Pentaho Tools :

Pentaho C-Tools(CDE,CDF,CDA),Pentaho CE & EE Server,OLAP-Cubes,Analysis using Pivot4J, Saiku Analytics, Saiku Reporting, Ad-hoc Reporting using Interactive Reporting Tool,Dashboards,Reports using PRD, PDD,Data Integration using Kettle ETL,Data Mining usign WEKA,Integration of Servers with Databases,Mobile/iPad compatible Dashboards using Bootstrap Css,Drilldown dashboards,Interactive Dashboards

Saturday 30 May 2015

Self-Signed SSL/TLS Configuration HOW-TO with Pentaho CE 5.3 BA Server || change http://localhost:8080/pentaho TO https://localhost:8443/pentaho/Login

It's a weekend playing with Pentaho CE 5.3 Business Analytics  server. Yeah..!!! it is. I love playing with Pentaho  BI suite though it is a small outcome or a bigger. I can't classify this post is a bigger or smaller but I just want to share how I did this and hope this will helpful to someone, somewhere across the globe who is/are looking for the same.

Special thanks to Madhava & Piyush Bhatt for making me to explore this. 


Technology : 
* Pentaho BA Server CE 5.3
* Tomcat-7
* Java 1.7 (Oracle Java)
* Operating System : Windows-7 Home Premium. 
* Web browsers used to test : Google Chrome & Internet Explorer 

Aim of the article : 
Install SSL certificate to Pentaho BA Server 
i.e., change http://localhost:8080/pentaho TO https://localhost:8443/pentaho

What is Secure Sockets Layer (SSL) ?
  • It is  technology which allow web browsers and web servers to communicate over a secured connection. 
  • This means that the data being sent is encrypted by one side, transmitted, then decrypted by the other side before processing. 
  • This is a two-way process, meaning that both the server AND the browser encrypt all traffic before sending out data.
  • Another important aspect of the SSL/TLS protocol is Authentication. 
  • This means that during your initial attempt to communicate with a web server over a secure connection, that server will present your web browser with a set of credentials, in the form of a "Certificate", as proof the site is who and what it claims to be. In certain cases, the server may also request a Certificate from your web browser, asking for proof that you are who you claim to be. This is known as "Client Authentication,"
  •  Although in practice this is used more for business-to-business (B2B) transactions than with individual users. Most SSL-enabled web servers do not request Client Authentication.
Step by Step procedure :

1) Make sure java 1.7 is installed in machine & set JAVA_HOME in environment variables. 

2) Also make sure Pentaho BA server is running as a test drive before installing SSL certificate. 
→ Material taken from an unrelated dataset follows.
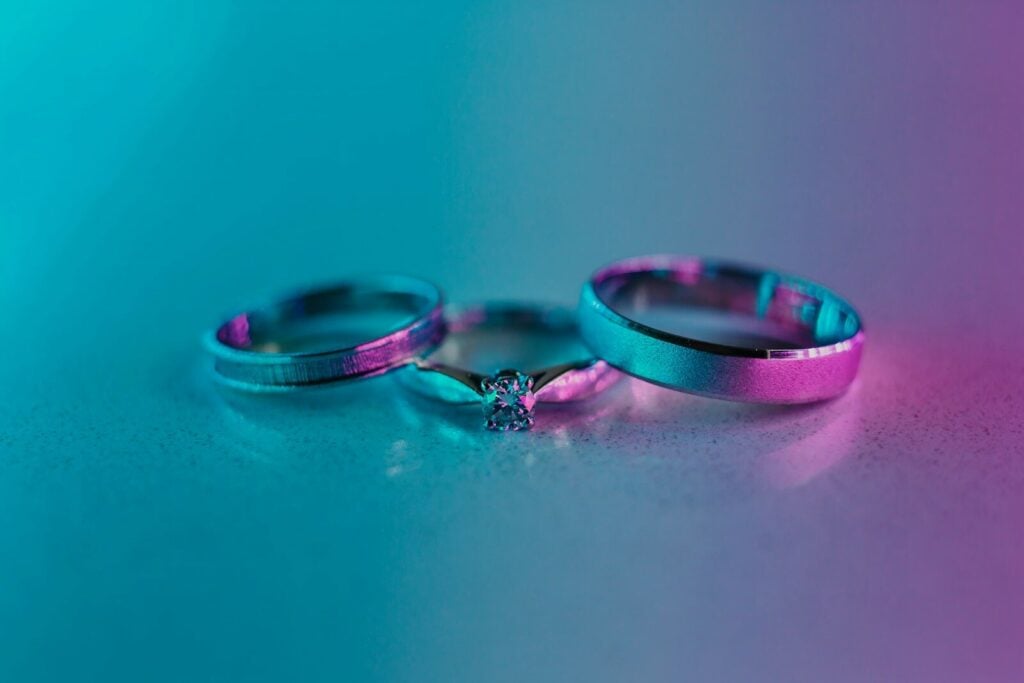 a couple of wedding rings sitting on top of a table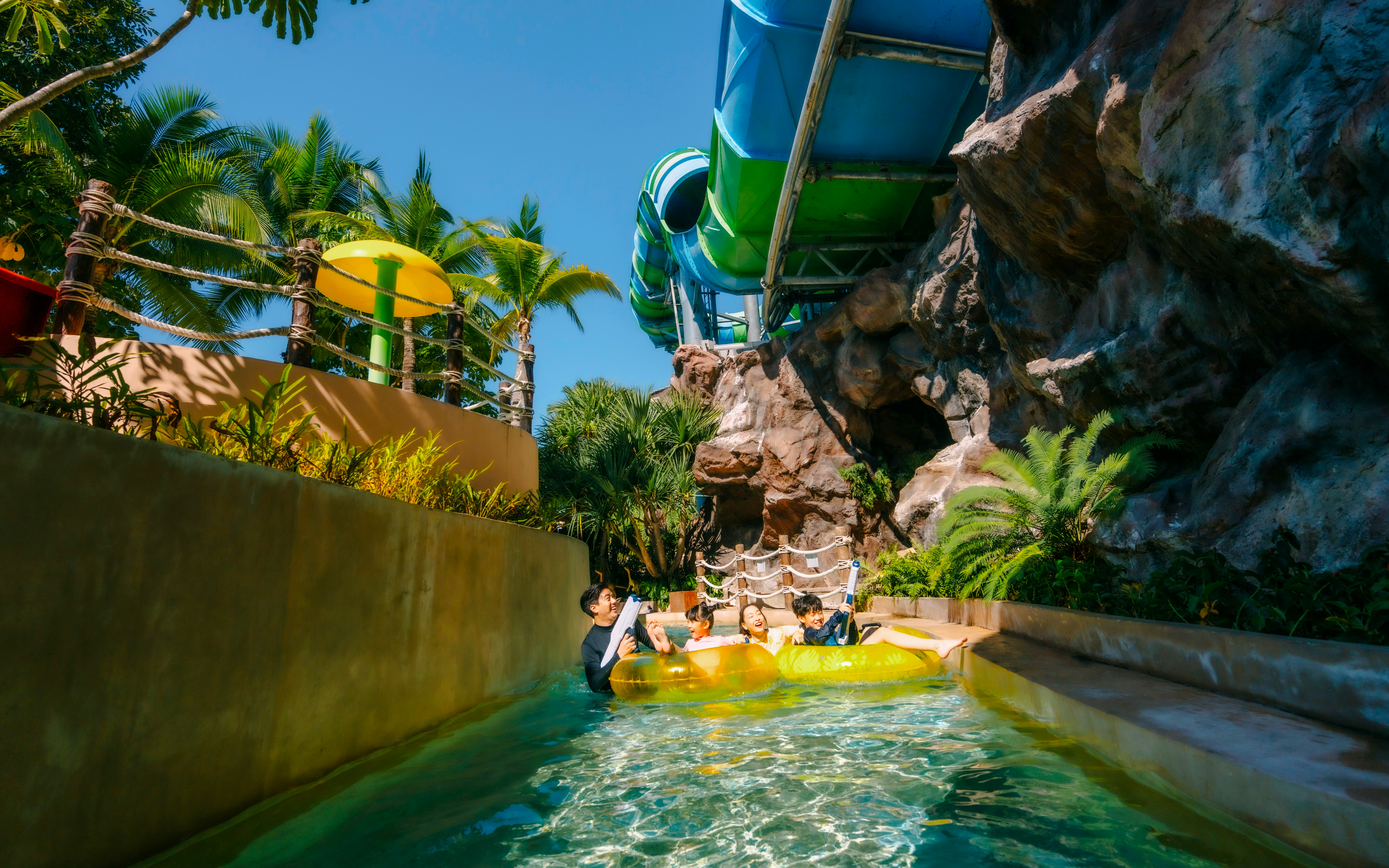 Visitors enjoying a water ride at Vana Nava Water Jungle, Hua Hin.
3) There are two types of certificates we can install. 
     a) Self- Signed certificate ( Not trusted)
     b) Certificate from a certificate authority. 

4) This procedure is with Self-Signed based on self-signed certificate. 

5) Navigate to the bin folder of JAVA installed from command prompt in Admin mode. 
   Example : 
  C:\Program Files\Java\jdk1.7.0_79\bin

6) To create a new JKS keystore from scratch, containing a single self-signed Certificate, execute the following from a terminal command line:
"%JAVA_HOME%\bin\keytool" -genkey -alias tomcat -keyalg RSA
Example : 
  C:\Program Files\Java\jdk1.7.0_79\bin>ketytool.exe -genkey -alias tomcat -keyalg RSA

7) The command will ask us enter password  and few other details. The default password we can use is "changeit" or developer is flexible to give any name. 
Example : changeit (Enter the password twice as it asks). 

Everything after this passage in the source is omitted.